The ICC reports that in 2017 the number of States and State entities that were parties to ICC arbitral proceedings rose to over 15 percent (from 11 percent in 2016).1) 2017 ICC Dispute Resolution Statistics, ICC Dispute Resolution Bulletin 2008 – Issue 4, at 9. Martina Polasek of ICSID noted that, while the number of contract-based arbitrations before ICSID has remained steady over the years, at 16 percent of its cases, ICSID has witnessed an increase in the number of arbitrations commenced under multiple sources of jurisdiction. An increase in contract-based arbitrations may be on the horizon for ICSID, particularly if the new rules providing for expedited procedures are adopted.
While these statistics show the growth of private-public arbitration, they do not shed much light on the procedural and substantive implications resulting from the presence of States and State entities in contract-based arbitrations. As Judge Brower argued, contract-based disputes involving States or State-owned entities are closer in kind to investment treaty arbitrations than those only involving private parties. Judge Brower suggested we should refer to these proceedings as “investomercial arbitration” because “commercial arbitration” is not an adequate term to define them. At the crux of this distinction, in Judge Brower’s opinion, are the political sensitivities involved in these proceedings, as well as the State’s exercise of public authority.
Many of the speakers addressed these substantive and procedural implications caused by a State’s involvement in a commercial arbitration. Abby Cohen Smutny, for instance, explained that Judge Brower’s position is a reminder that foreign investors are not only looking for a neutral forum, but also may want to incorporate international law to resolve potential disputes against sovereigns. Relatedly, Professor Laurence Boisson de Chazournes emphasized that there is a “blurring of the lines” with respect to the applicable law in private-public arbitration. In this regard, Professor Boisson de Chazournes referred to how certain domestic legal systems, such as France, directly incorporate international law obligations within the limits of their national constitutions.
From a practical perspective, the panel discussions evidenced the need for the arbitration community to reach a consensus, or at least to provide additional insight into the scope of the application of international law to private-public arbitration. Professor Julian Arato, for example, inquired whether “applying international law” merely leads to the application of general principles of international law such as pacta sunt servanda, or whether it would entail that “the entire iceberg” of international law would be brought into the dispute. In Professor Arato’s view, since reasonable minds can disagree on this question, decisions on this issue are likely to diverge and create uncertainties to contracting parties.

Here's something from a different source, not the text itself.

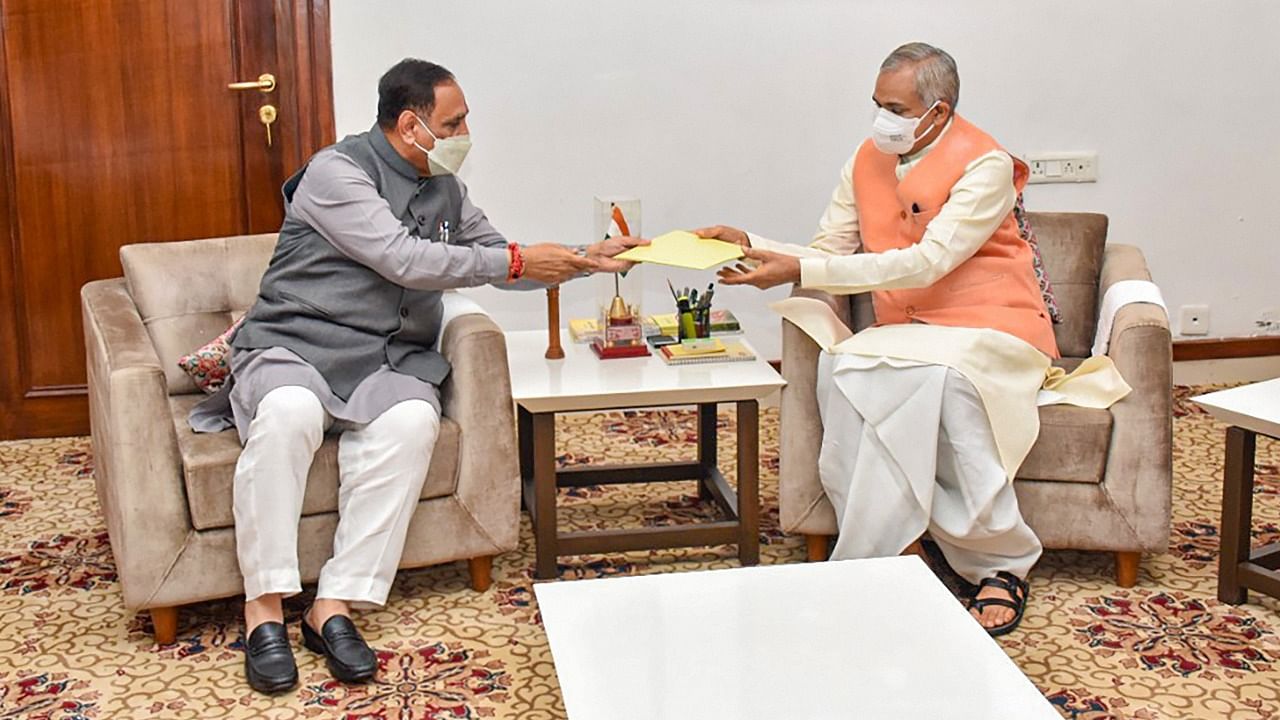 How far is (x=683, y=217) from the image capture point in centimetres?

Counsel and arbitrators might also encounter complexities in this genre of arbitration even when they apply the domestic law of a contract to resolve a dispute. Indeed, as stated by Bart Legum, private-public arbitrations might raise complex public law issues in situations where the law of the underlying contract is that of a civil law jurisdiction. Specifically, he questioned whether in that scenario, parties may be entitled to argue sophisticated jurisprudence developed by other civil law jurisdictions, i.e., France, to support their position under the law of the contract, even when the courts of such State do not regularly follow such jurisprudence.

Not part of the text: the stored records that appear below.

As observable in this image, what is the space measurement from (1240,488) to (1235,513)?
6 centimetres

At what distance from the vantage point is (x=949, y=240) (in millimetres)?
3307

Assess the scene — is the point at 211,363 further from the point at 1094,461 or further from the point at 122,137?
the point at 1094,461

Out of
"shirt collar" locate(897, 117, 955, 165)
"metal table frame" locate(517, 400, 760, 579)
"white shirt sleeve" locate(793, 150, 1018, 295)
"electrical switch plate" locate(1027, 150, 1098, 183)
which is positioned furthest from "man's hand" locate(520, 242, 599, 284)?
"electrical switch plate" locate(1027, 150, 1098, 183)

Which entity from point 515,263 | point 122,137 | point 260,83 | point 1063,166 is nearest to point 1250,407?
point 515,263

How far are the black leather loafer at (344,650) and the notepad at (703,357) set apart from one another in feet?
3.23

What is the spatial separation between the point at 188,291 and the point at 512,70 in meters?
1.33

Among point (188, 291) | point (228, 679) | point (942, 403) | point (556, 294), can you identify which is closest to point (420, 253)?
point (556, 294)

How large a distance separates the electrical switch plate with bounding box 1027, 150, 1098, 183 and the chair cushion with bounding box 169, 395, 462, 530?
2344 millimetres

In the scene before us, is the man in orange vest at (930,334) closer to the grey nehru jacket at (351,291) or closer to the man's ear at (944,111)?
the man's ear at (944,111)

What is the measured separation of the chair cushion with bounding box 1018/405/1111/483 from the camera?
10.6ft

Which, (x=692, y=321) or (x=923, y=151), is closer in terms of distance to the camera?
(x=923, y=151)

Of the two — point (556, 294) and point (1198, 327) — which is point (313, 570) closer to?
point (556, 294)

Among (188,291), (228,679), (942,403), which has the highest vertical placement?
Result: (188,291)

Of course, parties may resort to the principle of party autonomy to resolve uncertainties. In this regard, D. Brian King called for “smart contractual drafting” to protect contracting parties. Specifically, he recommended including stabilization clauses, as well as indemnification and force majeure provisions to investment contracts to minimize risks. With regard to stabilization clauses, Nathalie Bernasconi-Osterwalder referred to John Ruggie’s commentary to argue that stabilization clauses are typically broader in contracts signed by non-OECD countries. She also left open questions with regard to an arbitrator’s role vis-à-vis long-duration stabilization clauses and the need for environmental protection, as well as the dismantlement of laws enacted by non-democratic governments.
The particularities of private-public arbitration may also have procedural implications. In this regard, Catherine M. Amirfar explained that the presence of a sovereign affects the proceedings from start to finish. Among other things, she observed that a sovereign’s presence in a proceeding might make settlements more cumbersome because of the commitment of public funds and conflicting internal political interests. Moreover, she noted that it could create difficulties vis-à-vis the recognition and enforcement of an award, including due to divergent interpretation of the public policy exception under the New York Convention.
One speaker took a contrary view regarding the complexities of public-private arbitration and argued that this debate is not necessary and there is no such thing as “investomercial arbitration”. Hugo Perezcano voiced his disagreement with most of the points raised during the day, including on any similarities between treaty-based arbitrations and private-public arbitrations. In his view, these types of arbitrations arise from different causes of actions and applicable law. He further recommended any parties concerned with certain domestic laws to choose a different applicable law for their contracts.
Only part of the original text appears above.